April 07, 2010

Big Blue Skies Big Bad Art

When I was being shown round the 2012 Olympic site last year, the conversation about art projects to coincide referenced mysteriously “the Mayor’s commission”, which was separate from all the other cultural projects. This week the mystery was revealed. Anish Kapoor’s ArcelorMittal Orbit Tower. This is yet another dismal example of the big is good school of art. This practice has its roots in public art in regeneration. It is an established reality that art can animate environmental and economic regeneration. But as everyone knows, anyone can do art, so pretty quickly the regeneration industry thought it could achieve the same effect without using artists – and so two things happen, you get terrible art or you get big art – which is also usually pretty bad. Once Newcastle-Gateshead installed Antony Gormley’s leaden “Angel of the North” achieved its iconic marketing function, the flood-gates opened and all round the country high profile regeneration demands big art. Channel 4 even had a reality TV show called Big Art which followed the commissioning of big public art.
Living in Manchester, I have a particular fondness for the idiocy of big art because the “B of the Bang” commission in the city: this “sculpture” was designed by an engineer not an artist, and not a very good one at that because it fell apart and hilariously had to be dismantled. But we still get this monsters trotted out – there are ‘landmark’ gateway works proposed for Wales and Mark Wallinger’s £2million 50 metre high “White Horse” sculpture which will dominate the Kent landscape if it is built (http://news.bbc.co.uk/1/hi/england/kent/7880889.stm ).
And of course there is the northern’s own dismal ‘celebration’ of 2012, the Projected Column (A ‘monumental’ spinning column of cloud and light will rise “as far as the eye can see”) for monumental read of course ‘big’. The bigness thing has also been driven by the Turbine Hall commissions at Tate Modern.

The question with bigness is whether the scale actually carries any meaning other than being able to see the thing from a distance.
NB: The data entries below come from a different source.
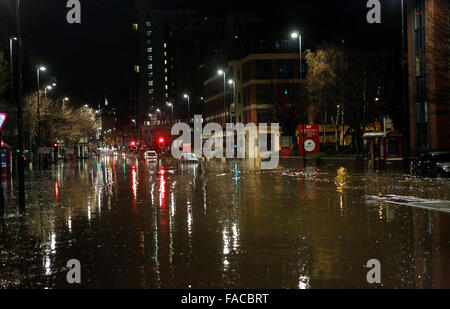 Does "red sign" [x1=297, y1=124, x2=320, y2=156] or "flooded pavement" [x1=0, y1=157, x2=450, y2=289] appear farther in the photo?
"red sign" [x1=297, y1=124, x2=320, y2=156]

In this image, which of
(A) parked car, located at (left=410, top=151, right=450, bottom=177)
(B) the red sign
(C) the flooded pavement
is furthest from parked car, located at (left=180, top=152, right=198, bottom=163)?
(C) the flooded pavement

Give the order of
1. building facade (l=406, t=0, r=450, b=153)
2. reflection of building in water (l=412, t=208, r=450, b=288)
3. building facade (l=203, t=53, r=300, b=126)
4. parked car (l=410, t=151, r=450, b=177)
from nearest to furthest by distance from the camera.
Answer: reflection of building in water (l=412, t=208, r=450, b=288), parked car (l=410, t=151, r=450, b=177), building facade (l=406, t=0, r=450, b=153), building facade (l=203, t=53, r=300, b=126)

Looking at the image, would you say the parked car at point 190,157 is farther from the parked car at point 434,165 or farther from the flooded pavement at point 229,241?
the flooded pavement at point 229,241

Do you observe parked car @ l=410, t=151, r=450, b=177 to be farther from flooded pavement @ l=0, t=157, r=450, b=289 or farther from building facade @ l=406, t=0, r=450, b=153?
building facade @ l=406, t=0, r=450, b=153

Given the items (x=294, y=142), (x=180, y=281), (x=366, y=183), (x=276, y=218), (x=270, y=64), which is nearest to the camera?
(x=180, y=281)

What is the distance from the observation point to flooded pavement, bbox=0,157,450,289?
8.13m

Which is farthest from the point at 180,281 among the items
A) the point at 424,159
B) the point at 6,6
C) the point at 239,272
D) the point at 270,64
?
the point at 270,64

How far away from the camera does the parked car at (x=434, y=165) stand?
2889 centimetres

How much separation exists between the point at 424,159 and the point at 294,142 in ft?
168

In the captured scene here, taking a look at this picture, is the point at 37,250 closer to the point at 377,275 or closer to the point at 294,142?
the point at 377,275

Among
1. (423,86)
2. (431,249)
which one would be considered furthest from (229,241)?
(423,86)

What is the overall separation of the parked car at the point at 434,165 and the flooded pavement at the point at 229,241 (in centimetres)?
911

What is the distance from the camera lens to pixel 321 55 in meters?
57.5

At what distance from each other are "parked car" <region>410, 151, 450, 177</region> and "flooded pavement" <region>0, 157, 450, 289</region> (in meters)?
9.11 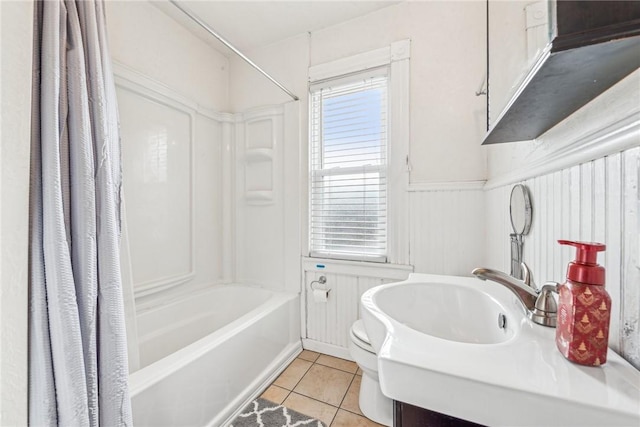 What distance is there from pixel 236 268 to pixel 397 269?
138cm

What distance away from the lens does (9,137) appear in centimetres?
55

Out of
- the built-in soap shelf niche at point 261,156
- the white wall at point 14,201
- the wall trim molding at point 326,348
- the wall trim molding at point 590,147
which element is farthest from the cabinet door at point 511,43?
the wall trim molding at point 326,348

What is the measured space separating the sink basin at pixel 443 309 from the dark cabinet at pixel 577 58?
1.91 feet

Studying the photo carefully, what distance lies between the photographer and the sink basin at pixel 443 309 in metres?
0.89

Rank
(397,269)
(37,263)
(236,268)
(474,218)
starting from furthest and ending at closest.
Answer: (236,268), (397,269), (474,218), (37,263)

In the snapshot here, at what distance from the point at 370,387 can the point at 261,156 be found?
1.74m

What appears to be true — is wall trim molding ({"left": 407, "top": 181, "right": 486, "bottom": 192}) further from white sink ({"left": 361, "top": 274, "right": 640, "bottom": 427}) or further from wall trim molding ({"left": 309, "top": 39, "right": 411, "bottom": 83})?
white sink ({"left": 361, "top": 274, "right": 640, "bottom": 427})

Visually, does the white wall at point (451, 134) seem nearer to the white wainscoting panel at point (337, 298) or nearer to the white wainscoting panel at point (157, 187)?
the white wainscoting panel at point (337, 298)

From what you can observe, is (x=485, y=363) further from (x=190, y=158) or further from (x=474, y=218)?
(x=190, y=158)

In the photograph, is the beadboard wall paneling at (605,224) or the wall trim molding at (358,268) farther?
the wall trim molding at (358,268)

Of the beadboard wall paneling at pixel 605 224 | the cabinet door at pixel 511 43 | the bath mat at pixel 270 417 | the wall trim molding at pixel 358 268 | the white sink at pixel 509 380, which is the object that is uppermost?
the cabinet door at pixel 511 43

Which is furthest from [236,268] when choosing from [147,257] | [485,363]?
[485,363]

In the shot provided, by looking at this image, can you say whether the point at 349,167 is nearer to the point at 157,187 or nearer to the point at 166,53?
the point at 157,187

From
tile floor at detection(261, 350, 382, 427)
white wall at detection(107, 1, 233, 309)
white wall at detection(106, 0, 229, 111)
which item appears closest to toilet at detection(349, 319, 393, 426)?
tile floor at detection(261, 350, 382, 427) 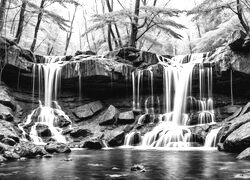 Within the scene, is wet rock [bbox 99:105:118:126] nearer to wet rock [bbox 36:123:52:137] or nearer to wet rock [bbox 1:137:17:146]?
wet rock [bbox 36:123:52:137]

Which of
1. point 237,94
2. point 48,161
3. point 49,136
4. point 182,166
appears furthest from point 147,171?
point 237,94

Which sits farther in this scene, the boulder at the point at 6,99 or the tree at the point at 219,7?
the tree at the point at 219,7

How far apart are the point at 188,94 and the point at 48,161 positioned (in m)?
11.5

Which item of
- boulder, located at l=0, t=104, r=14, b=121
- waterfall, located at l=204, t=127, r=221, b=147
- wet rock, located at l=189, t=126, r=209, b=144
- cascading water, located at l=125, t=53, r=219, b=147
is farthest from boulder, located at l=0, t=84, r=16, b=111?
waterfall, located at l=204, t=127, r=221, b=147

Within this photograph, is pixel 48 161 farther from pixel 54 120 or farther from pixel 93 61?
pixel 93 61

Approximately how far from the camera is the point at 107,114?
17.8m

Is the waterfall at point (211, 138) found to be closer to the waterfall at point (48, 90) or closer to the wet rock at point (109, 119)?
the wet rock at point (109, 119)

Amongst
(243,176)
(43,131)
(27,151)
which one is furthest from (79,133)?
(243,176)

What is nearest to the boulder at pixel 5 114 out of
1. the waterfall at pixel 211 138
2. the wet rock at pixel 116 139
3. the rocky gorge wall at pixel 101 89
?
the rocky gorge wall at pixel 101 89

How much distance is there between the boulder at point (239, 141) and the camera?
10.3 meters

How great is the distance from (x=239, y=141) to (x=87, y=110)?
11306 mm

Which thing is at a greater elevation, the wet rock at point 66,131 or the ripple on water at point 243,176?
the wet rock at point 66,131

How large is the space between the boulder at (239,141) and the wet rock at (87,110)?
1018cm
The White Horse works as a white horse in maquette form. No doubt it would look striking dominating the Kent landscape but so would any other randomly blown up animal or object. The banality of this interchangeability locates the gesture as no more than college-level ersatz surrealism.

However, the Orbit Tower is different because it wants to be treated as ‘architecture’ designed by an artist. In architectural terms, under the arabesque the tower looks to be simply a disguised main vertical with a spiral (staircase). It has two clumsy articulations – the junction with the ground and the form of the viewing platform, this latter element looks like it was designed by someone else and for a different place. I am reminded of Buckminster Fuller’s observation of the superificiality of the Bauhaus – the design looked good but underneath it was still the same old plumbing.

No doubt it will become “London’s Eiffel Tower”, the tourists will queue to go up it, the gormless will, as ever, be impressed with bigness.